Influence #2 -‘Net art’ & ‘post net art’: I really hate to categorise all net art as having a unified aesthetic, but Rhizome said it was ok. (I curated 2 shows of internet art in the mid 2010s under the moniker g_URL so I feel vaguely qualified to make this sweeping generalisation). The net art aesthetic is inherently metatextual, appropriating and undermining the functionality of technology to collapse content with the network within which it has been conceived. It’s very Marshall medium-is-the-message stuff. Lots of 3D renders, VR art, immersive worlds, organic shapes (eg petals or natural elements) recreated in virtual contexts. You can clearly see the net art influences on the Boseman piece and NFTs in general - they’re often deploying tech for tech’s sake, ‘showing the working’ using wireframes or 360 degree render rotations, and sometimes including more literal elements such as browser bars/windows/other internet vernacular.
Influence #3 Vaporwave: I guess it’s time to admit I have a huge soft spot for Vaporwave bc it was the prevailing #aesthetic when I joined Tumblr back in the late 00s/early 2010s. Vaporwave was a subcultural movement that satirized consumer capitalism and yuppie culture via remixed corporate muzak and the appropriation of early technocapitalist iconography - Internet Explorer icons, browser menus, and pixellated cursors - along with web 1.0 design elements and TRON-like digital landscapes. The colour palette of this movement (purples, blues, pinks, neons - an early iteration of bisexual lighting), its combination of organic and inorganic materials, incorporation of classical mythology, glitch effects and fractal-like patterning are all present both in the Boseman NFT and in NFTs more generally.
So what do these visual signifiers tell us about NFTs?
The mingling of these various influences within the aesthetic of the NFT tells us, on a merely functional level, that they’re the product of the internet; an algorithmic amalgamation of popular genres and trending content. But they also illuminate the struggle between the internet’s ability to cultivate subcultural groups and the subsequent commodification of those groups, escape from capitalist conditions and the intensification of those conditions thanks to the internet.
These aesthetic signifiers seem to highlight NFT’s own struggle with self-definition: consciously, or subconsciously, adopting and developing aesthetics which represent ongoing sites of contest. Soothing spaces offer exhausted workers relief from overworked, atomised, precarious states of existence, but they are also tools used to sell us products and flog self-soothing back to us as a $$$ service. Vapourwave was a form of early aesthetic resistance to the corporate internet: now it’s a million dollar NFT. NFTs are ‘democratising’ art and ownership whilst simultaneously reinforcing the value of ownership and concentrating IP and revenue in the hands of a few.
This is a similar dynamic to January’s GameStop saga, hailed as a victory of the man on the street against the financial establishment, but which doesn’t represent the democratisation of stock market trading but the further entrenchment of market principles and the inflated valuation of its investment funds. (Personally, I think the answer to attribution and ownership in the digital age isn’t to financialise the process of acquisition/distribution. But this really isn’t my area...)
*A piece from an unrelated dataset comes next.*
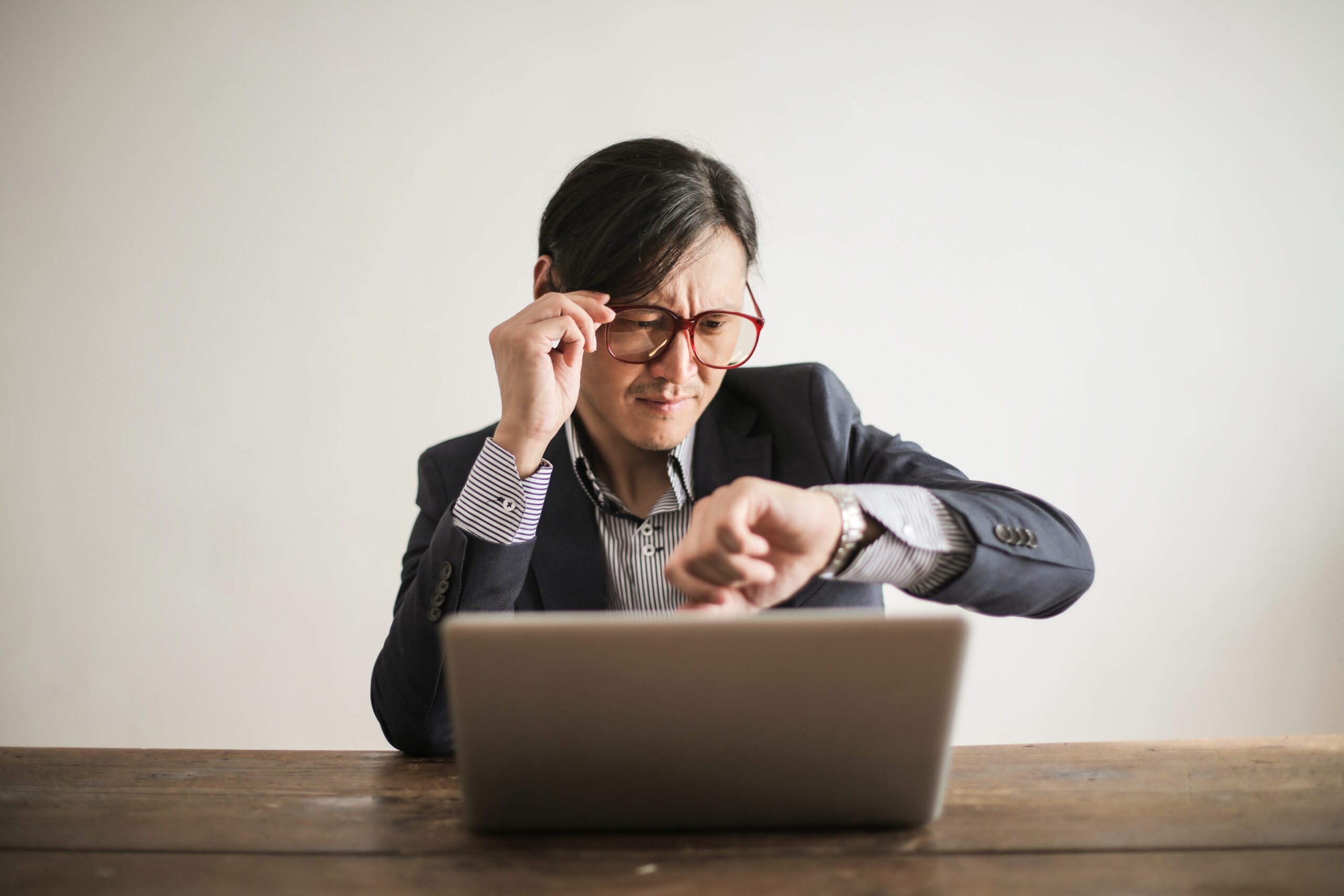 Man in suit sitting at laptop looking concernedly at his watch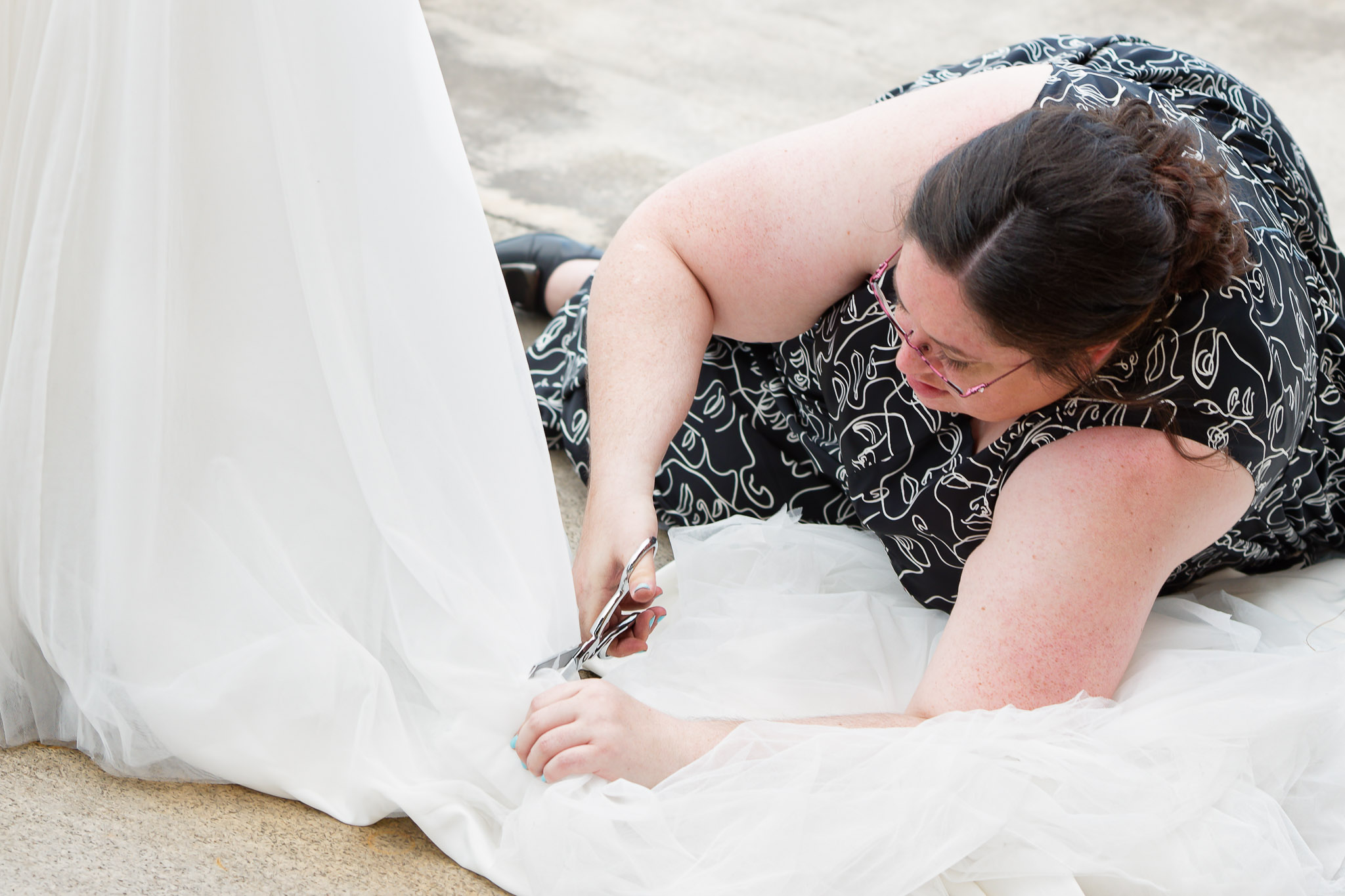 Guest Cutting Bride's Dress During Minneapolis Wedding Reception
If the aesthetic of individual NFTs is one way of exploring where they fit within platform capitalism, then the same applies for their own platforms too. Look at the way that Foundation, the first and largest NFT marketplace, market themselves.
Foundation bridges crypto and culture to create mutual support between artists and collectors. We’re forging a community-driven path, providing culturally pioneering curation, and sharing our tools with the rapidly evolving community of developers who are excited to define this future with us. We want anyone and everyone who cares about the future of digital expression to be a part of it. Let’s explore these new possibilities collectively.
With full bleed gradients, left-aligned text, and mixed type treatment (deliberate asymmetry between an old-school, serif style font mixed with kooky, tech inspired type - hands up I’m guilty of this formula!), they are indistinguishable from a trendy DTC lifestyle brand that’s adopted a streetwear ‘drop’ style model to drive ‘consumer hype’ and has managed to snag $5m VC funding in the process:
Foundation is a system for value extraction dressed up as a creative community of like minded individuals, a marketplace branded as an edgy, independent collective.
I’m completely fascinated by the ways in which capitalism has appropriated the aesthetics of individual artist creativity (e.g. Ogilvy’s new website looks like a trendy East London based design studio, or the newly rebranded CIA logo which creative director Ryder Ripps pretended to have produced), and the ways in which independent artists have reclaimed corporate aesthetics in return (‘corporatecore’ needs to be addressed in a different post - I hate myself for how much I want a Lehman Brothers hoodie).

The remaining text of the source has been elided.